CLUTCH: Contextualized Language model for Unlocking Text-Conditioned Hand motion modelling in the wild

Hands play a central role in daily life, yet modeling natural hand motions remains underexplored. Existing methods that tackle text-to-hand-motion generation or hand animation captioning rely on studio-captured datasets with limited actions and contexts, making them costly to scale to "in-the-wild" settings. Further, contemporary models and their training schemes struggle to capture animation fidelity with text-motion alignment. To address this, we (1) introduce '3D Hands in the Wild' (3D-HIW), a dataset of 32K 3D hand-motion sequences and aligned text, and (2) propose CLUTCH, an LLM-based hand animation system with two critical innovations: (a) SHIFT, a novel VQ-VAE architecture to tokenize hand motion, and (b) a geometric refinement stage to finetune the LLM. To build 3D-HIW, we propose a data annotation pipeline that combines vision-language models (VLMs) and state-of-the-art 3D hand trackers, and apply it to a large corpus of egocentric action videos covering a wide range of scenarios. To fully capture motion in-the-wild, CLUTCH employs SHIFT, a part-modality decomposed VQ-VAE, which improves generalization and reconstruction fidelity. Finally, to improve animation quality, we introduce a geometric refinement stage, where CLUTCH is co-supervised with a reconstruction loss applied directly to decoded hand motion parameters. Experiments demonstrate state-of-the-art performance on text-to-motion and motion-to-text tasks, establishing the first benchmark for scalable in-the-wild hand motion modelling. Code, data and models will be released.

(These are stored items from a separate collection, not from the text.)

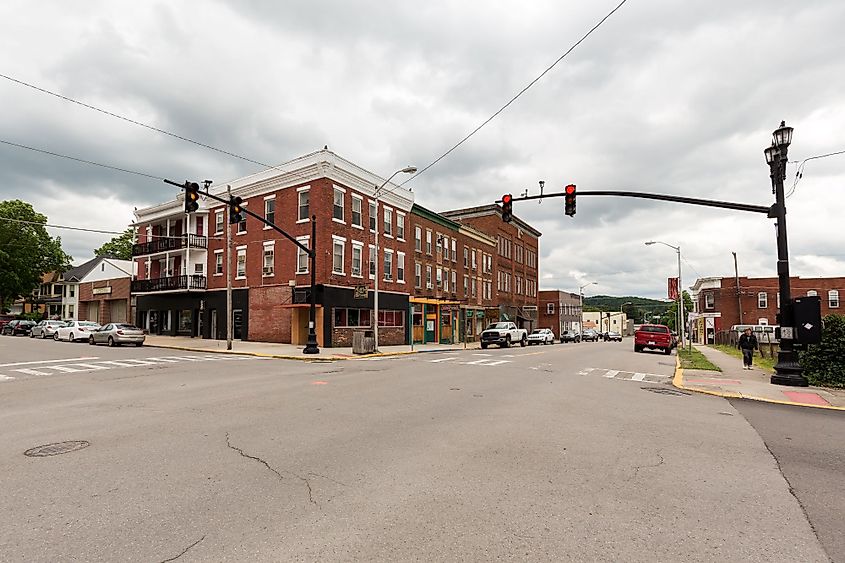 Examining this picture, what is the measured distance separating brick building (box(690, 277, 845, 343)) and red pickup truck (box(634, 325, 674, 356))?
33.9 m

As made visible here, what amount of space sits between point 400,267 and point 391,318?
14.2 feet

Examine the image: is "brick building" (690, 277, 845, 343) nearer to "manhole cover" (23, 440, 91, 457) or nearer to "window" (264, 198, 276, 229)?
"window" (264, 198, 276, 229)

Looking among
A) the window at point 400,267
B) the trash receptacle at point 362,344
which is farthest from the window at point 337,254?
the trash receptacle at point 362,344

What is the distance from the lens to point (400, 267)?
Answer: 128ft

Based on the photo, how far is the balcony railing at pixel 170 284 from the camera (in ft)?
126

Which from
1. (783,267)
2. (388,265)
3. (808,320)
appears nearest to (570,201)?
(783,267)

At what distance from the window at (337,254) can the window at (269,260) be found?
4.86 m

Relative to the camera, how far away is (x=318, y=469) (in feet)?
18.4

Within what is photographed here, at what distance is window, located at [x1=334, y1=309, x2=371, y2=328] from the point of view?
106ft

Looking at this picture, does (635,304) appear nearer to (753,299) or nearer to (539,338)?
(753,299)

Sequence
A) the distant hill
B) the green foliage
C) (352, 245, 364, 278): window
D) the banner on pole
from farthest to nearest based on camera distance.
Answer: the distant hill
the banner on pole
(352, 245, 364, 278): window
the green foliage

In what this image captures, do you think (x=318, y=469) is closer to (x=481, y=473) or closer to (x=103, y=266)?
(x=481, y=473)

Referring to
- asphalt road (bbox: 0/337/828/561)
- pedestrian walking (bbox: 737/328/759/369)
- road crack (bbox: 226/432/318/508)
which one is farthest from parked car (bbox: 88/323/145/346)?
pedestrian walking (bbox: 737/328/759/369)

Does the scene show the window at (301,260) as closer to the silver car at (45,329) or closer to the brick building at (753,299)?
the silver car at (45,329) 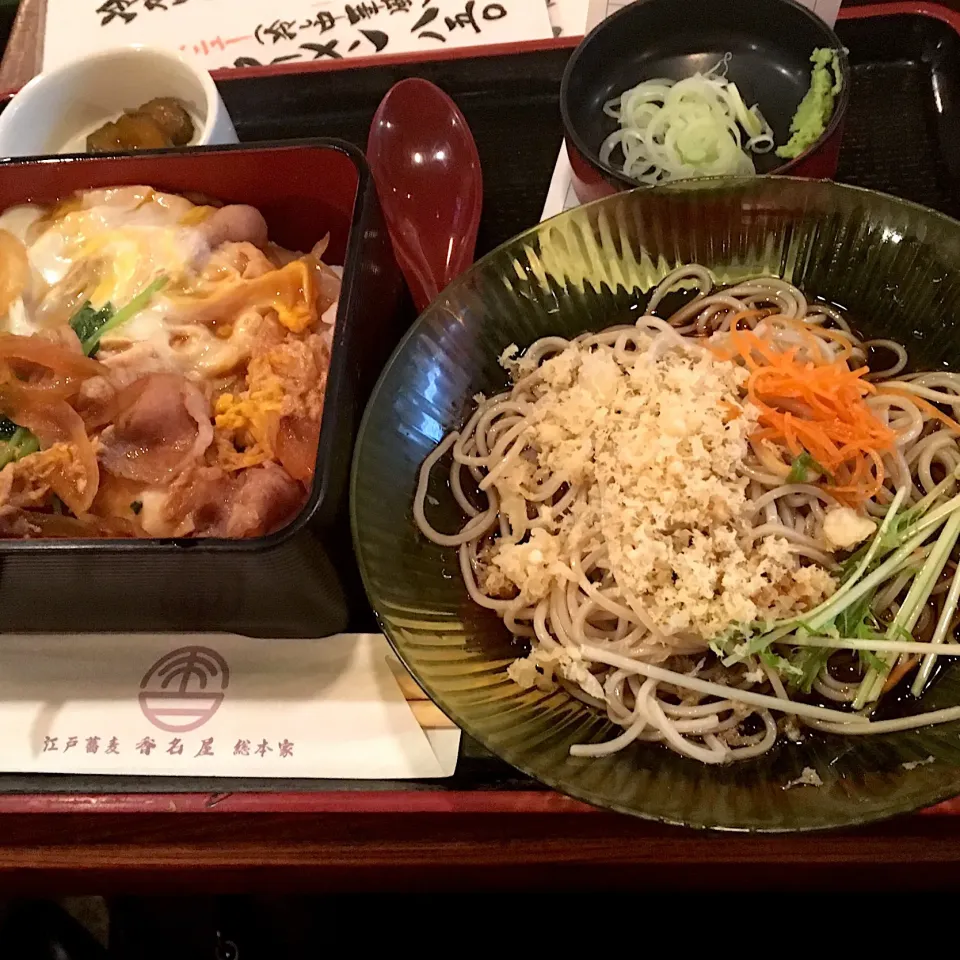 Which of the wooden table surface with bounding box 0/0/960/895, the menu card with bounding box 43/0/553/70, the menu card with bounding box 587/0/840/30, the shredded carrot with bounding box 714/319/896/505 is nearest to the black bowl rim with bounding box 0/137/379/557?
the wooden table surface with bounding box 0/0/960/895

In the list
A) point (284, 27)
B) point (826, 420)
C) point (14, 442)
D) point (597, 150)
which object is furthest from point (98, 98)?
point (826, 420)

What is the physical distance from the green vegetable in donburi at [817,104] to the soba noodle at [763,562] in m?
0.28

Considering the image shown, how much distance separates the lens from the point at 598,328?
4.43ft

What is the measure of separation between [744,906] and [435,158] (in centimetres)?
131

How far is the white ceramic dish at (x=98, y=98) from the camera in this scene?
5.00 feet

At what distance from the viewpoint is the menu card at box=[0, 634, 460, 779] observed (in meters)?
1.09

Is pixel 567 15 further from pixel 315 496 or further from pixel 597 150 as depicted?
pixel 315 496

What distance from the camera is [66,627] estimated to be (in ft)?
4.02

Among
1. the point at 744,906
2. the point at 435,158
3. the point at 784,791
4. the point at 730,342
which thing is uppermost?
the point at 435,158

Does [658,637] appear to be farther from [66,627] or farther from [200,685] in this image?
[66,627]

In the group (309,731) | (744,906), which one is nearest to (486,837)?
(309,731)

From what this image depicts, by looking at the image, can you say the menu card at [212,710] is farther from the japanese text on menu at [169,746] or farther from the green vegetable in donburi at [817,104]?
the green vegetable in donburi at [817,104]

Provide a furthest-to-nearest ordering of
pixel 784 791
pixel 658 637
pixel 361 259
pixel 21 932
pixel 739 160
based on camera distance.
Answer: pixel 21 932
pixel 739 160
pixel 361 259
pixel 658 637
pixel 784 791

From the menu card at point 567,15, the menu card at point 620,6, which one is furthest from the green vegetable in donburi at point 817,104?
the menu card at point 567,15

翻译：手部在日常生活中扮演着核心角色，然而对自然手部运动的建模研究仍显不足。现有解决文本到手部运动生成或手部动画描述任务的方法依赖于在受控工作室环境下采集的数据集，其动作与情境范围有限，难以扩展至开放场景。此外，当前模型及其训练方案难以同时保证动画保真度与文本-运动对齐性。为此，我们（1）提出了“开放场景三维手部运动数据集”（3D-HIW），包含3.2万条三维手部运动序列及其对齐文本；（2）设计了基于大语言模型的手部动画系统CLUTCH，其包含两项关键创新：（a）用于手部运动标记化的新型VQ-VAE架构SHIFT；（b）用于微调大语言模型的几何优化阶段。为构建3D-HIW，我们提出了结合视觉语言模型与前沿三维手部追踪器的数据标注流程，并将其应用于涵盖广泛场景的大规模第一人称动作视频库。为全面捕捉开放场景运动特征，CLUTCH采用部件模态解耦的VQ-VAE架构SHIFT，显著提升了泛化能力与重建保真度。最后，为优化动画质量，我们引入了几何优化阶段，通过对解码手部运动参数直接施加重建损失实现对CLUTCH的协同监督。实验表明，本方法在文本-运动生成与运动-文本描述任务上均达到最先进性能，首次建立了可扩展开放场景手部运动建模的基准。代码、数据与模型将公开释放。